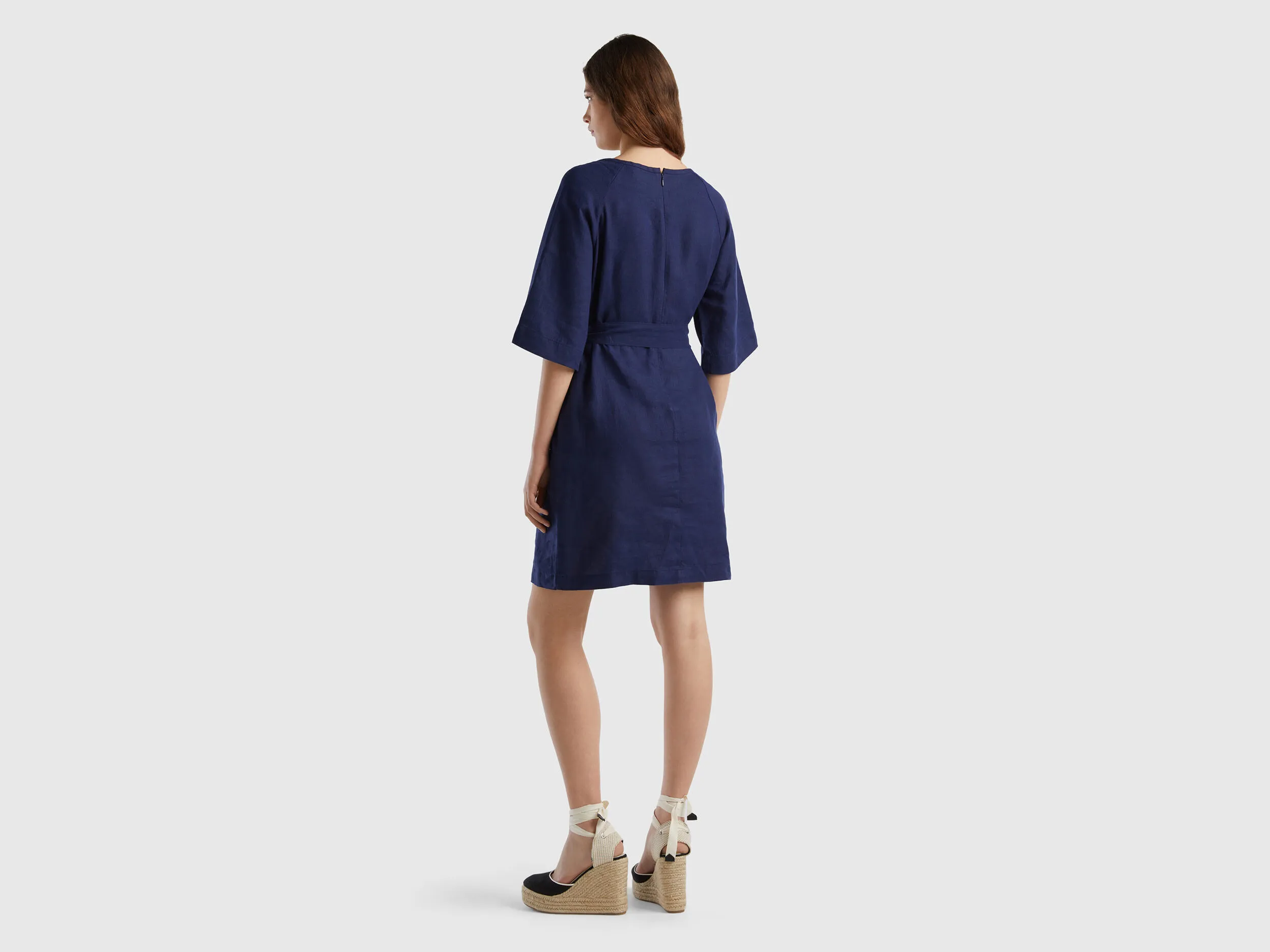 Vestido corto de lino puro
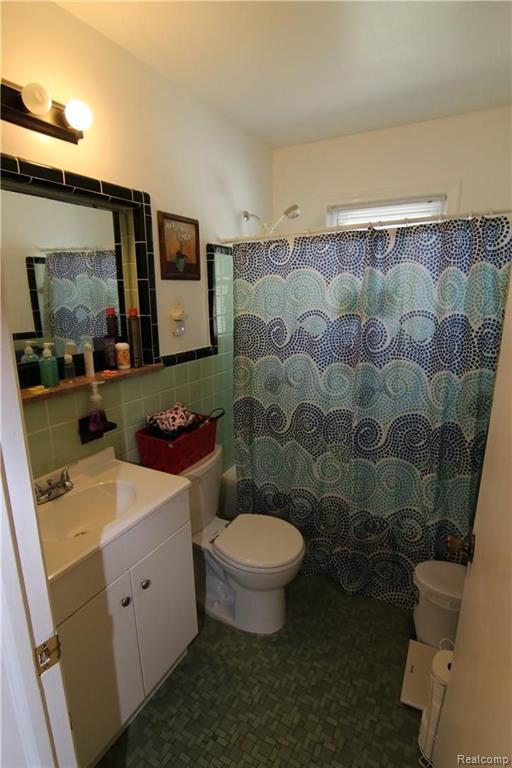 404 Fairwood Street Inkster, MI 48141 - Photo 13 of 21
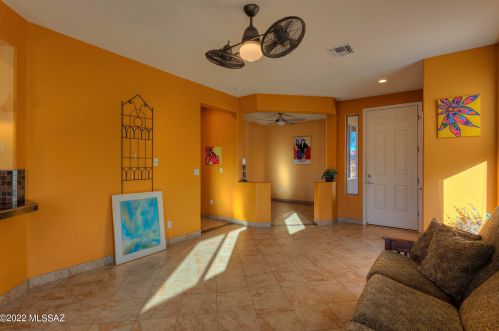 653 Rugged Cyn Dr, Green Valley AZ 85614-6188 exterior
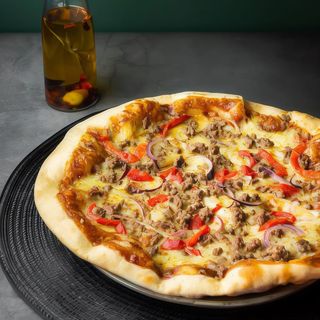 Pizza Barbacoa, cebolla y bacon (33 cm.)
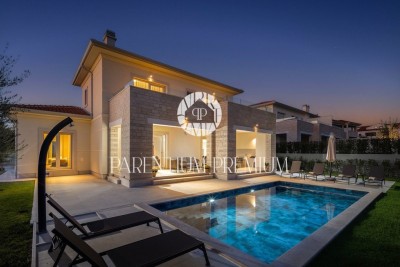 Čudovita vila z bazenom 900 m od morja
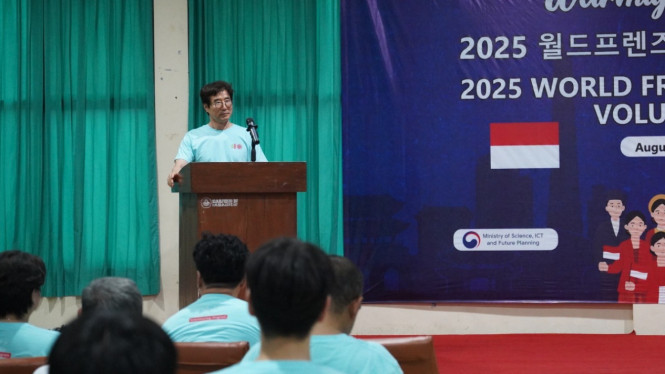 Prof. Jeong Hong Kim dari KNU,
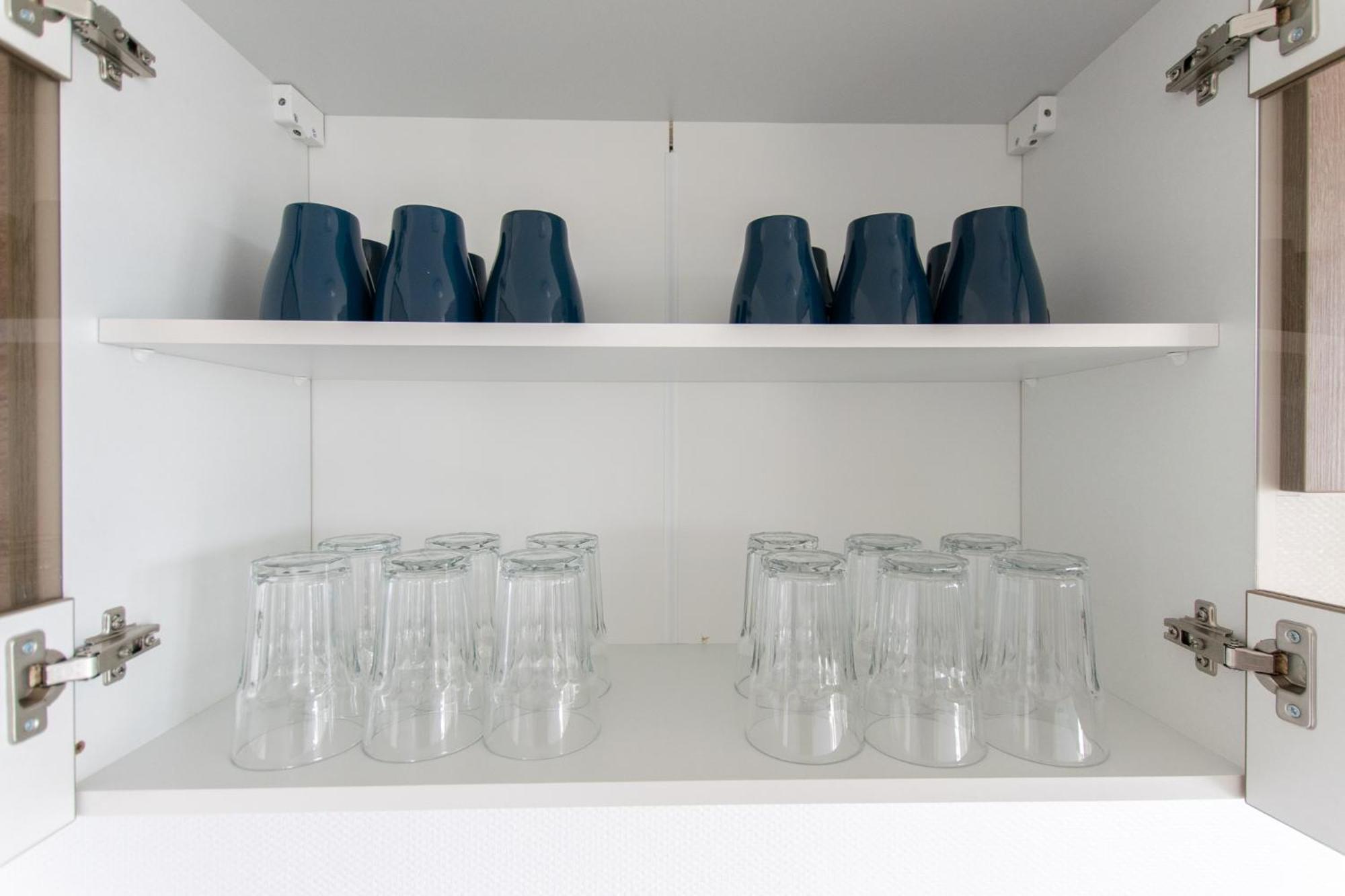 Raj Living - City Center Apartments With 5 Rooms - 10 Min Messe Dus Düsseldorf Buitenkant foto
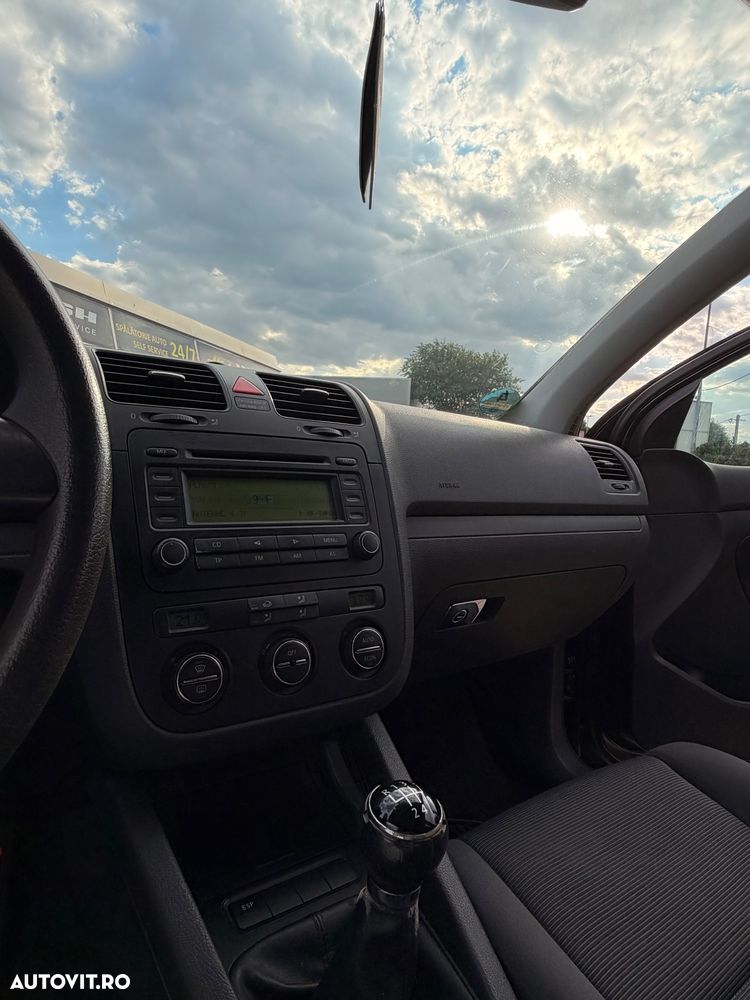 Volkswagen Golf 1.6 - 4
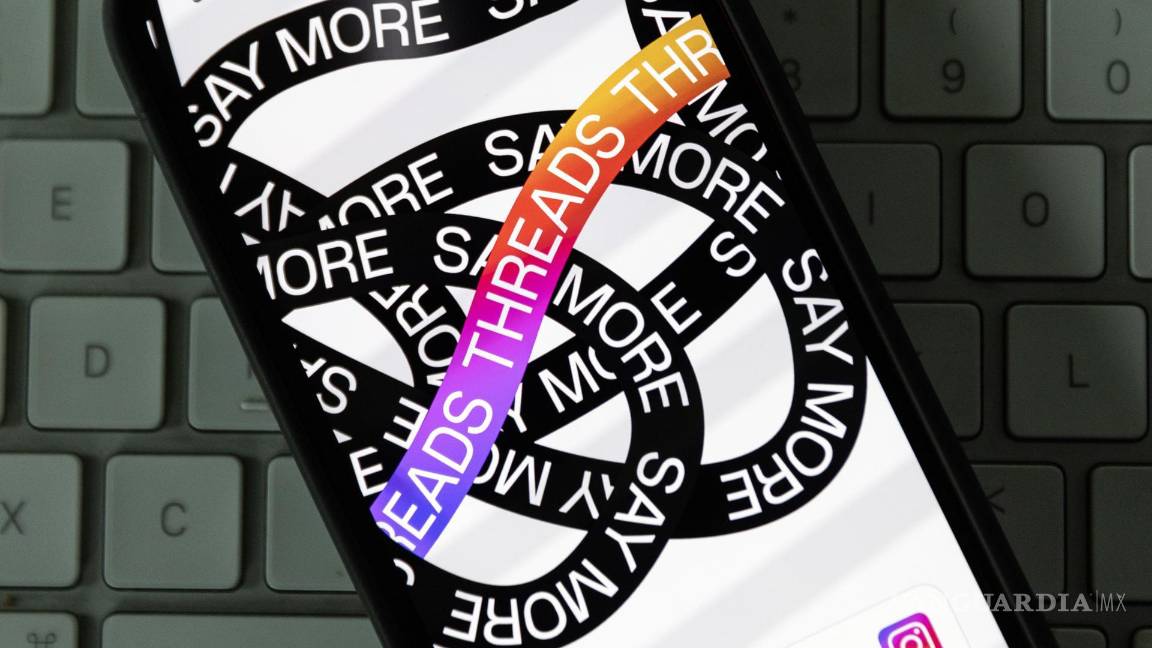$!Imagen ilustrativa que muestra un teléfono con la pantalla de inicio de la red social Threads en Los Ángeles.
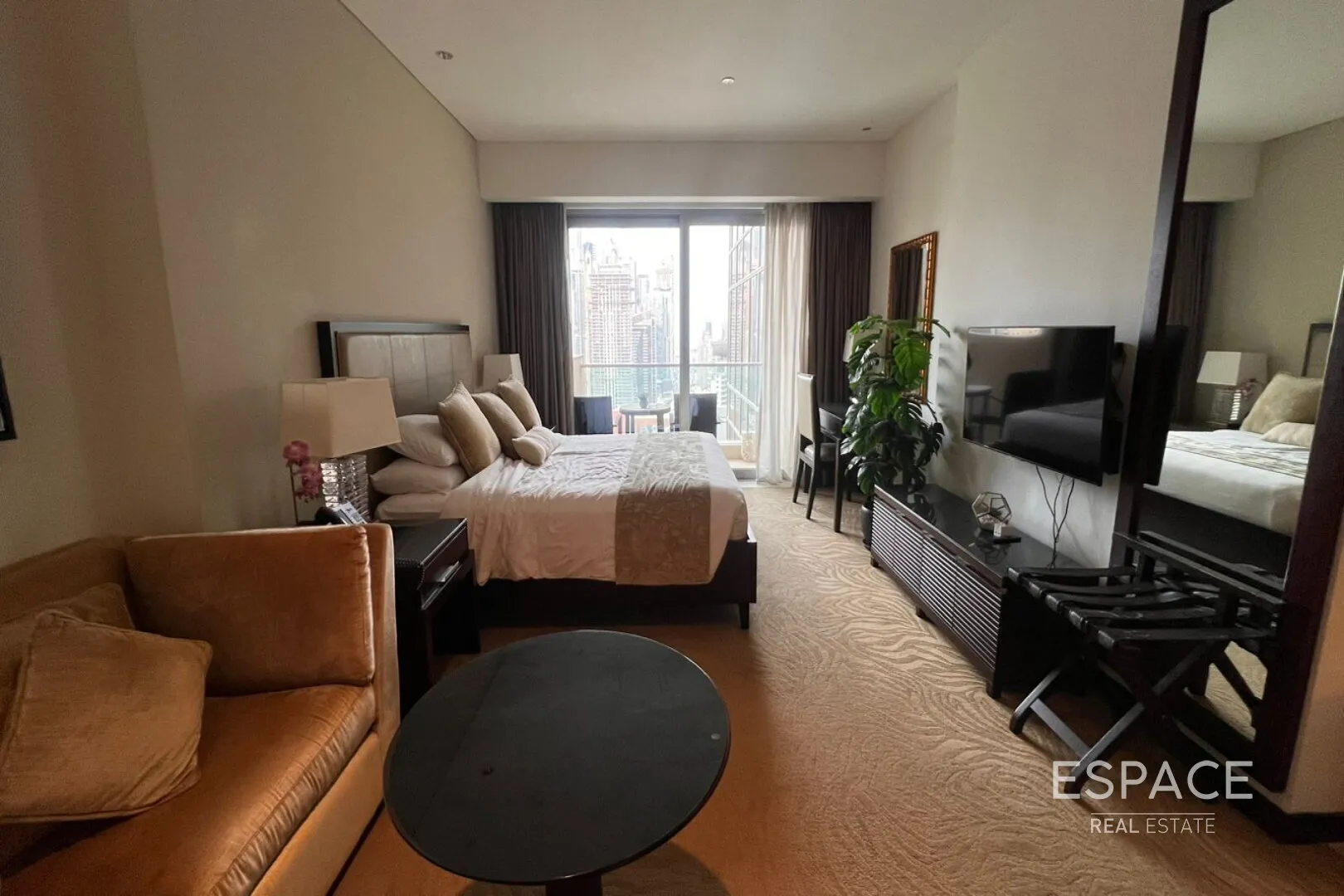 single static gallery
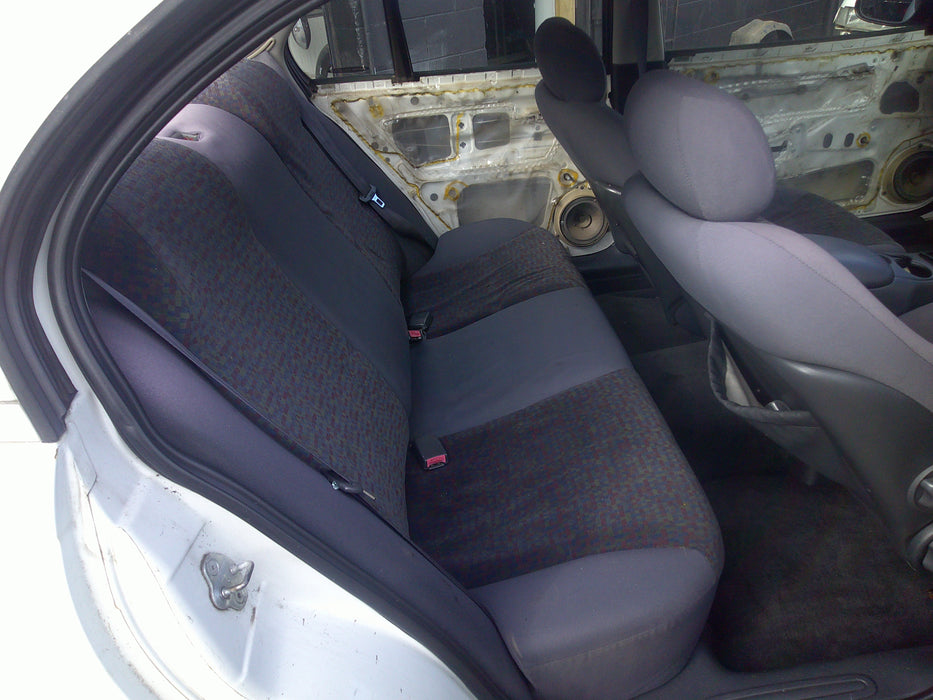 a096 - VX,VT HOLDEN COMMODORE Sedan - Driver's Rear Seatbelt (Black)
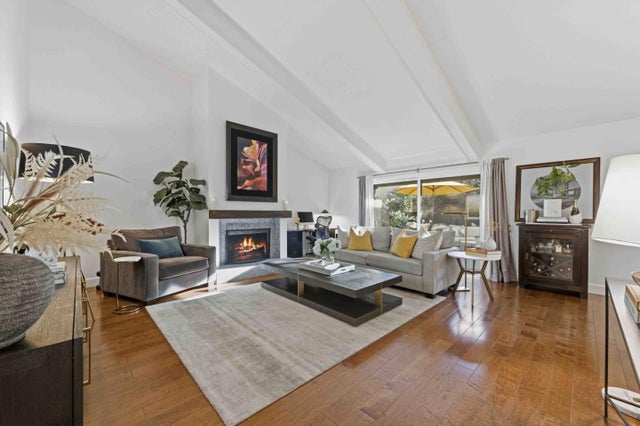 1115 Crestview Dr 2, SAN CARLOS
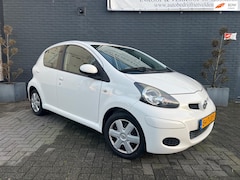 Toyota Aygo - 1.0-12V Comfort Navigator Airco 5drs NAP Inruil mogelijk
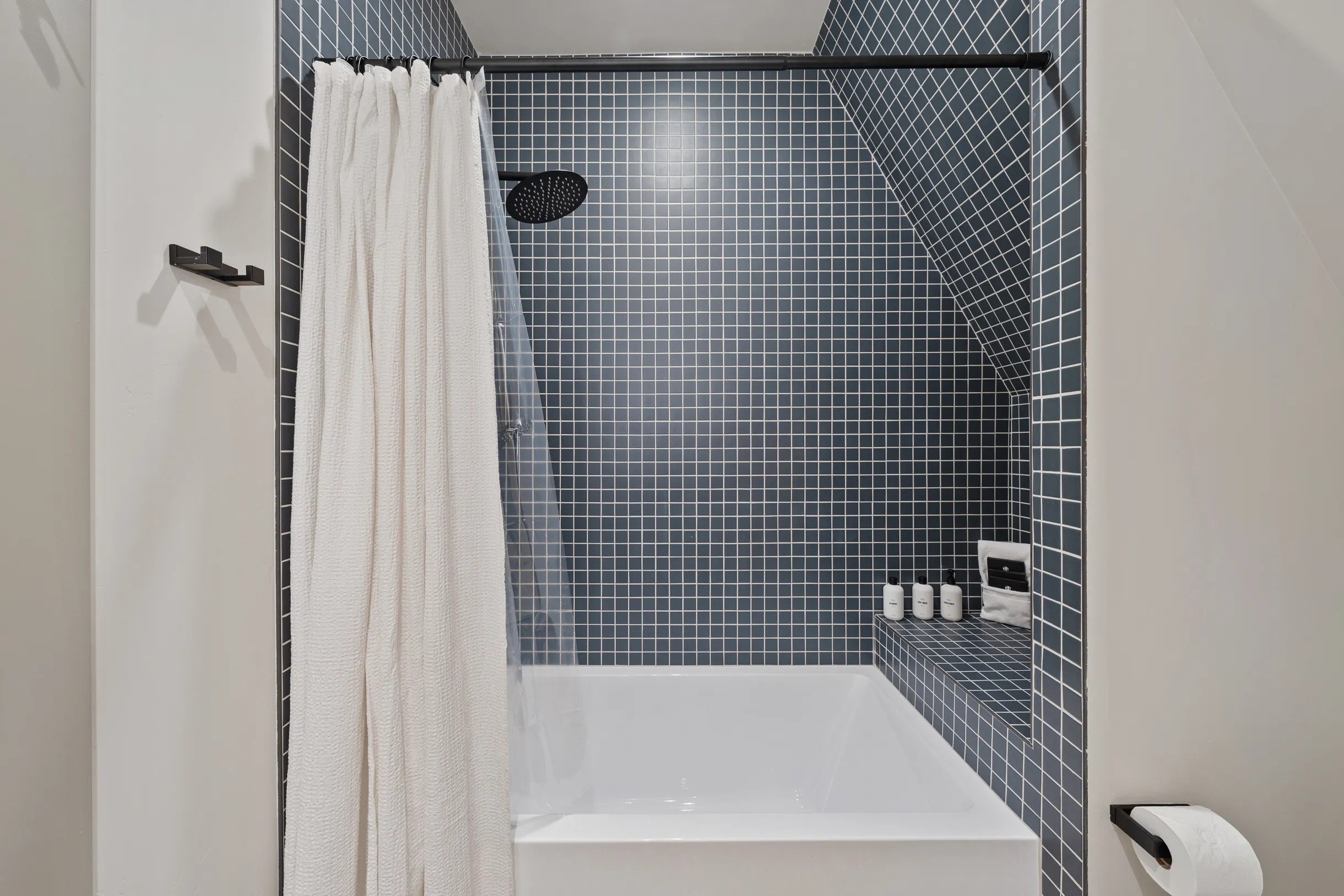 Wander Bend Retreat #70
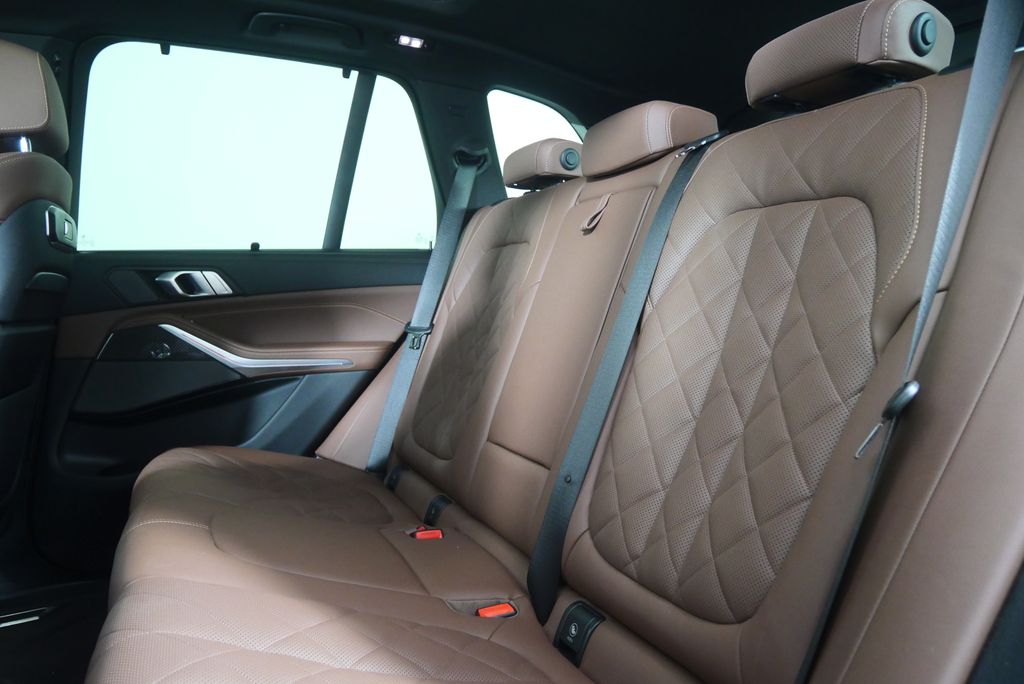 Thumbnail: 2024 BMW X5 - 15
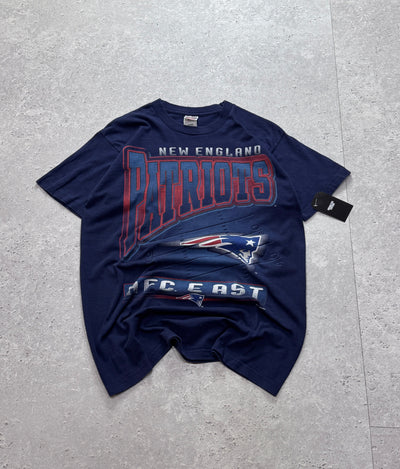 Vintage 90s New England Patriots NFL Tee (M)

● ● ● ● ●

● Exercise requirements:
The whole listing is to be retyped exactly, with its pictures removed.

● Task output:
 Vestido corto de lino puro
 404 Fairwood Street Inkster, MI 48141 - Photo 13 of 21
 653 Rugged Cyn Dr, Green Valley AZ 85614-6188 exterior
 Pizza Barbacoa, cebolla y bacon (33 cm.)
 Čudovita vila z bazenom 900 m od morja
 Prof. Jeong Hong Kim dari KNU,
 Raj Living - City Center Apartments With 5 Rooms - 10 Min Messe Dus Düsseldorf Buitenkant foto
 Volkswagen Golf 1.6 - 4
$!Imagen ilustrativa que muestra un teléfono con la pantalla de inicio de la red social Threads en Los Ángeles.
 single static gallery
 a096 - VX,VT HOLDEN COMMODORE Sedan - Driver's Rear Seatbelt (Black)
 1115 Crestview Dr 2, SAN CARLOS
 Toyota Aygo - 1.0-12V Comfort Navigator Airco 5drs NAP Inruil mogelijk
 Wander Bend Retreat #70
 Thumbnail: 2024 BMW X5 - 15
 Vintage 90s New England Patriots NFL Tee (M)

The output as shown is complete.